The great irony is when this system places the average business graduate as educational administrator over the academic, making and dictating educational policy. Such policy then is driven primarily by the profit motive. In this commercialized milieu, the educator, teacher and giver of knowledge is a worker in the system serving a clientele that generates the money. Hence the client is cosseted to perfect satisfaction for his money, and the educator slavedriven to provide that to impossible perfection. Teachers in Pakistan’s private schools continue to be heavily overworked and perpetually underpaid.    

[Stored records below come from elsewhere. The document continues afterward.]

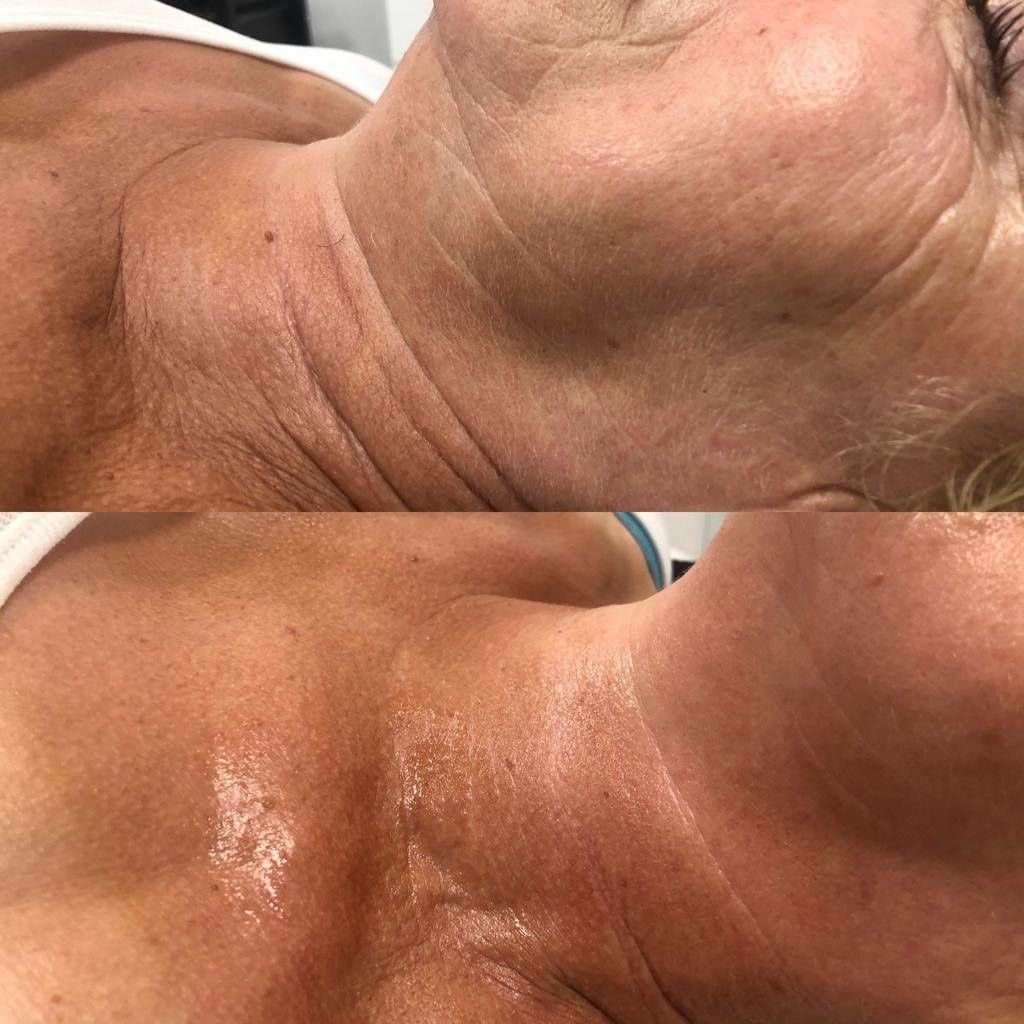 Efekty zabiegu uzyskane w Domu Urody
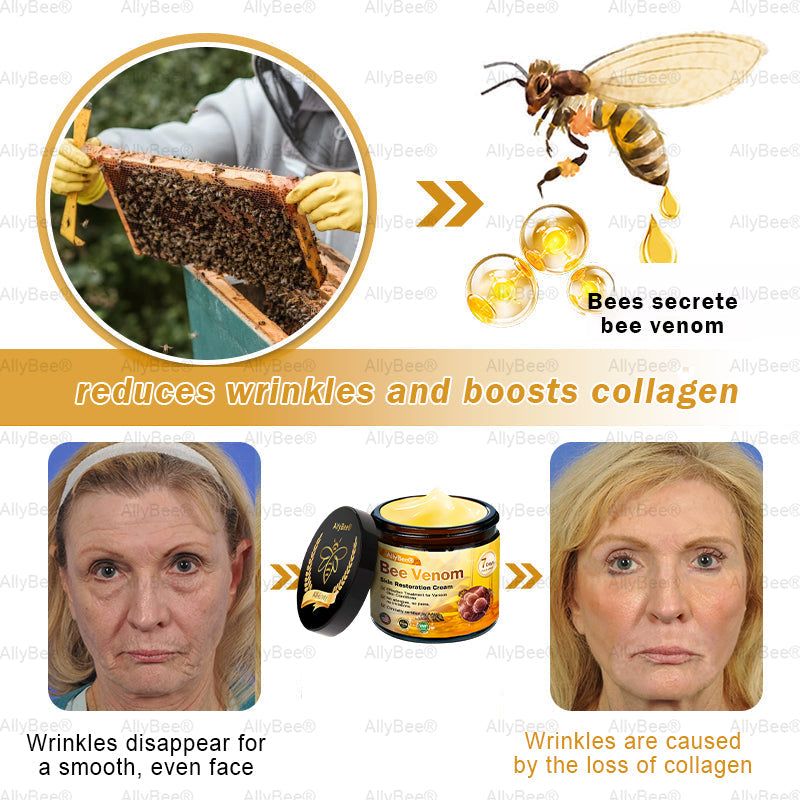 【Official Shop】 AllyBee® Skin Treatment Cream Anti-aging, Hydrating, Skin Repair, Even Tone, Acne and Dark Spot Treatment, Wart and Mole Removal, Psoriasis Relief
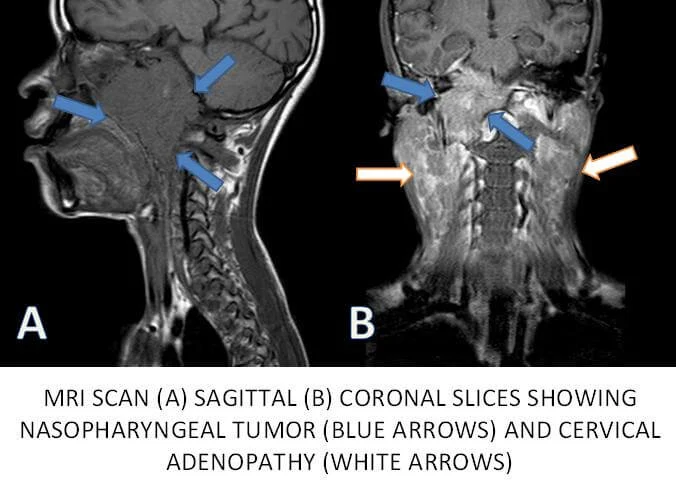 mri-nasopharyngeal-cancer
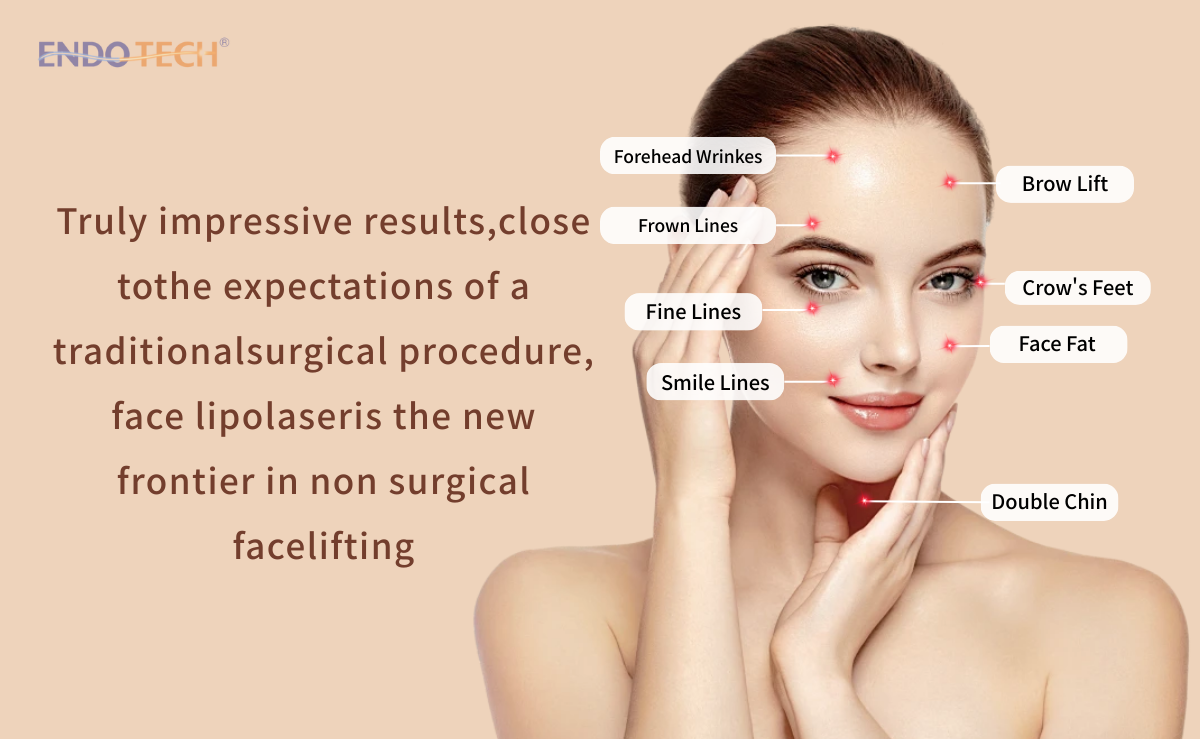 endolift treatment areas non surgical facelift double chin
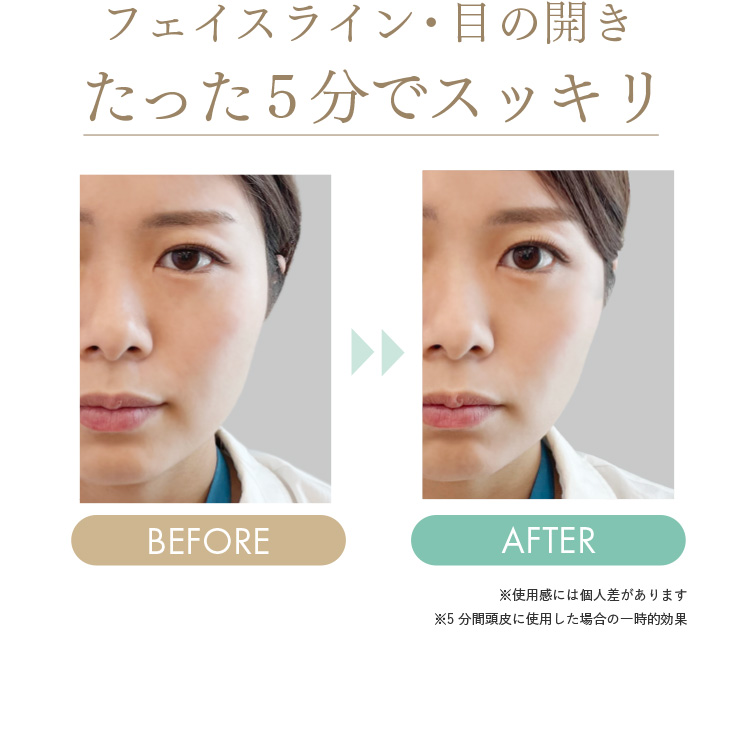 フェイスライン・目の開きたった5分でスッキリ
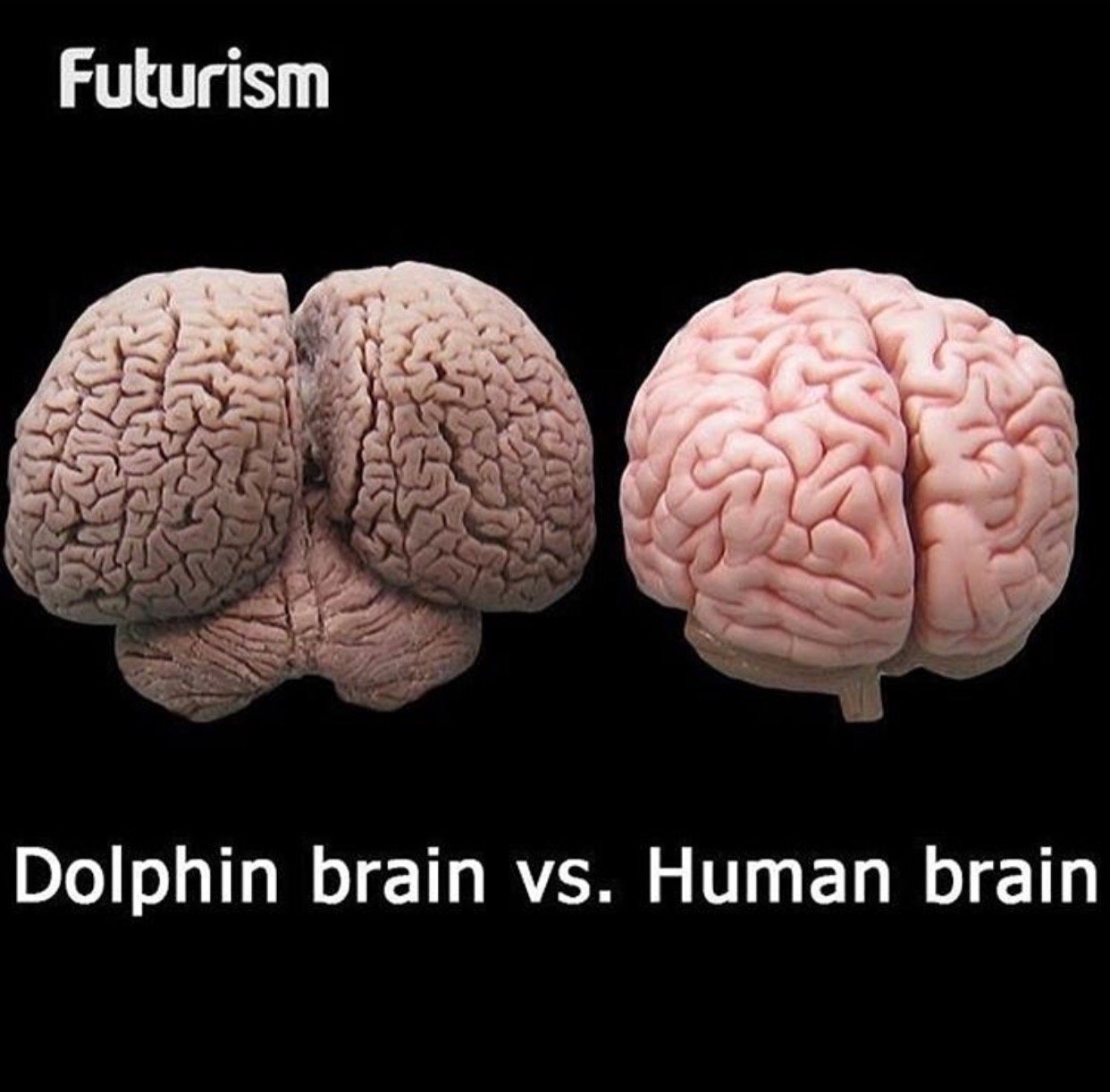 Dolphin Brain vs Human Brain — Steemkr
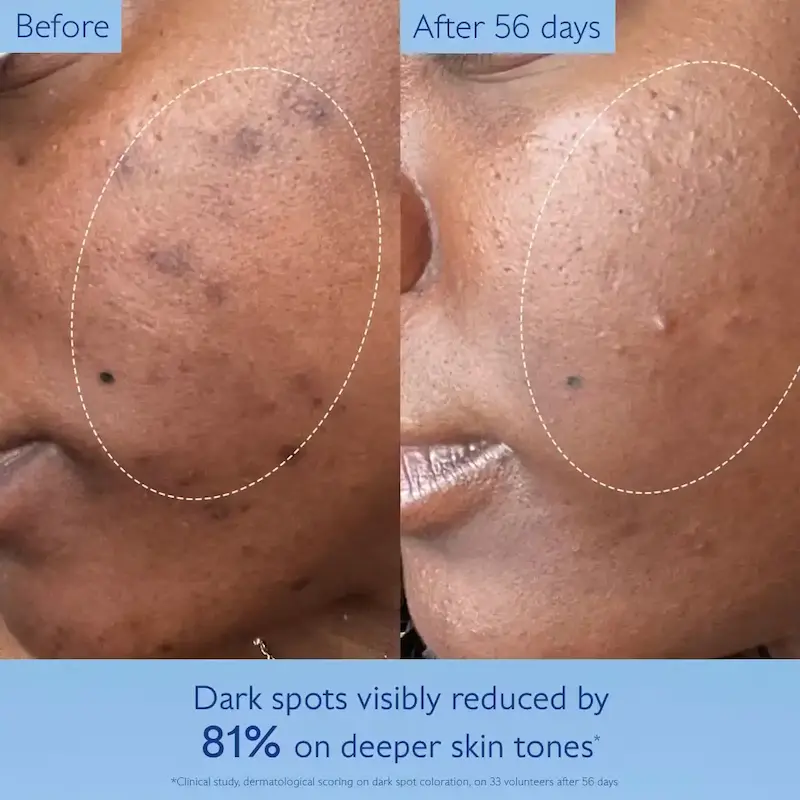 سرم روشن‌کننده و اصلاح‌کننده لک کدلی | Caudalie Vinoperfect Complexion Correcting Radiance Serum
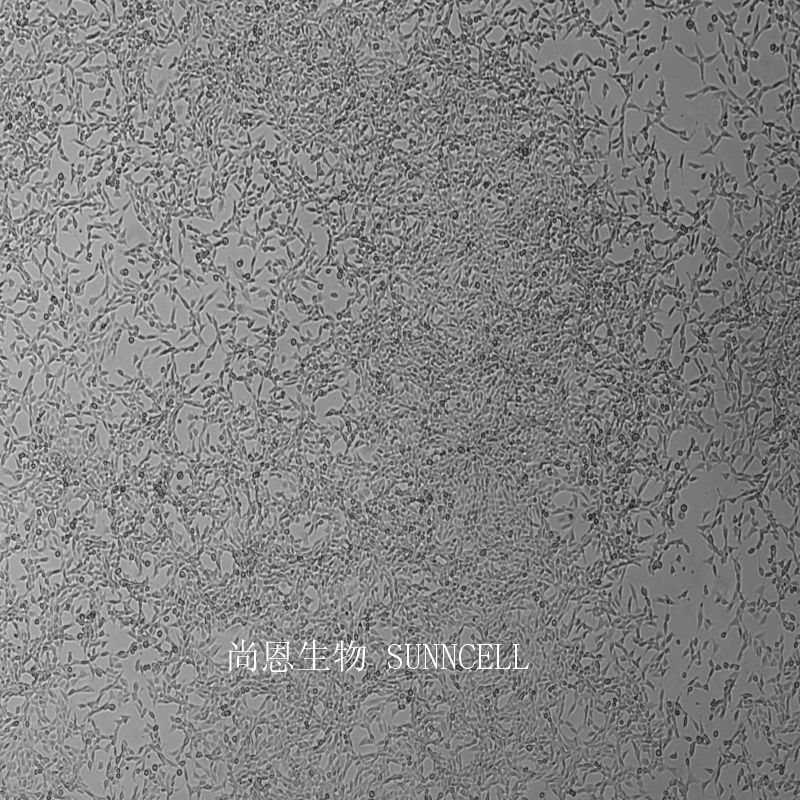 B82小鼠肿瘤细胞系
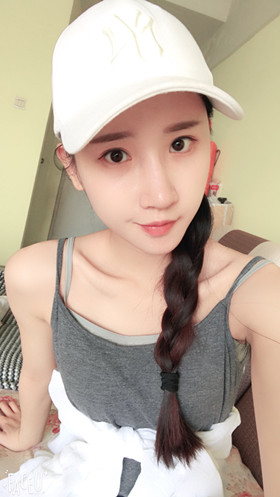 湛江澳泰整形醫(yī)院彭鑫醫(yī)生做自體脂肪豐蘋果肌+太陽(yáng)穴案例效果對(duì)比圖 湛江澳泰整形醫(yī)院彭鑫醫(yī)生做自體脂肪豐蘋果肌+太陽(yáng)穴案例效果對(duì)比圖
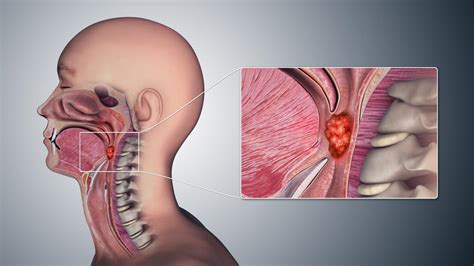 Less Treatment for HPV-Related Oropharyngeal Cancer - NCI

The subjugation of the academic to the professional businessman is at the core of the marketization of education. Business graduates trained to keep up the utilitarian-capitalist economy administer the system, making policy that utterly lacks any understanding of the functions and nature of education as well as any genuine concern for social uplift, human empowerment and liberation through education. In my experience as a teacher, I have come across among most urban English-medium private schools a systematic and deliberate trend discouraging value education and traditional disciplines like oriental languages or religious studies because they have little material worth in a cutthroat economy. Students graduate with the ruinous notion that a spattering of accented English gives them the right to social superiority and is enough to sweep anyone off their feet; or that a skill at gadgetry is of highest value in landing oneself a high paying job. Their years of education often fail to humanize, enlighten and enrich them with wisdom, compassion or humility even as they sport all the paraphernalia of wealth and good taste. They are perfectly finished products of the system- cogs in the machine, and yet unable to truly live the enervating yet edifying epic struggles of human life.


In the private education system, the business graduate not only takes the fattest cheque home, he helps to keep in place the system that created him and put him over the educator, visionary and academic. The human products of marketized education are a tawdry triumph of this system that privileges a particular social class over the rest.